======== Excerpted records
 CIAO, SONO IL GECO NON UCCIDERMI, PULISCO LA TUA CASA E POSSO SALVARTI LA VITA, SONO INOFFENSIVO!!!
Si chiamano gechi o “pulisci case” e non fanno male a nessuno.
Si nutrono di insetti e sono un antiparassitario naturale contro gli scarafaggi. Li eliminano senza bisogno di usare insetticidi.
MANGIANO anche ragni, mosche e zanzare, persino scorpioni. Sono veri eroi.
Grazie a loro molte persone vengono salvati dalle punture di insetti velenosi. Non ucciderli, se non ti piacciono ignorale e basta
================
• [What the task asks]: Could you copy every line from the records that mentions the word "insetti"?

• [Solved exercise]:
Si nutrono di insetti e sono un antiparassitario naturale contro gli scarafaggi. Li eliminano senza bisogno di usare insetticidi.
Grazie a loro molte persone vengono salvati dalle punture di insetti velenosi. Non ucciderli, se non ti piacciono ignorale e basta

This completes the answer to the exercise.